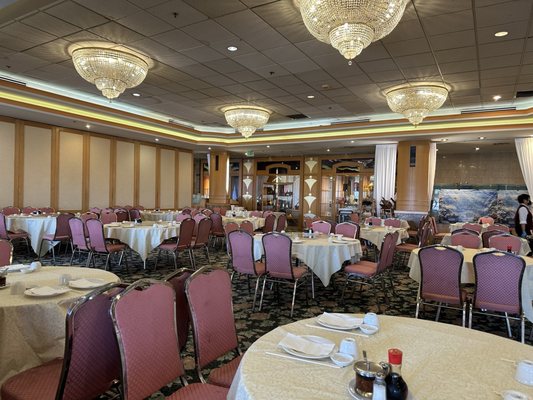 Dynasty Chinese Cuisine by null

================================

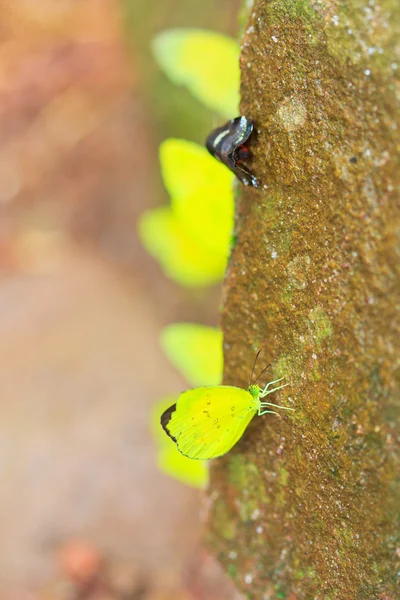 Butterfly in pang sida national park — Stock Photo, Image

================================

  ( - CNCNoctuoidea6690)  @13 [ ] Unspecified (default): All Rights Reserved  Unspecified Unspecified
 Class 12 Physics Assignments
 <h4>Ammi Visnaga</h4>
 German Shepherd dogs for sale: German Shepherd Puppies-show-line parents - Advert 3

================================

- **What to do**:
Where the listing above has a line with "<h4>Ammi Visnaga</h4>", start there, and output every line exactly through the line with "German Shepherd dogs", which is also included.

- **Answer to this problem**:
 <h4>Ammi Visnaga</h4>
 German Shepherd dogs for sale: German Shepherd Puppies-show-line parents - Advert 3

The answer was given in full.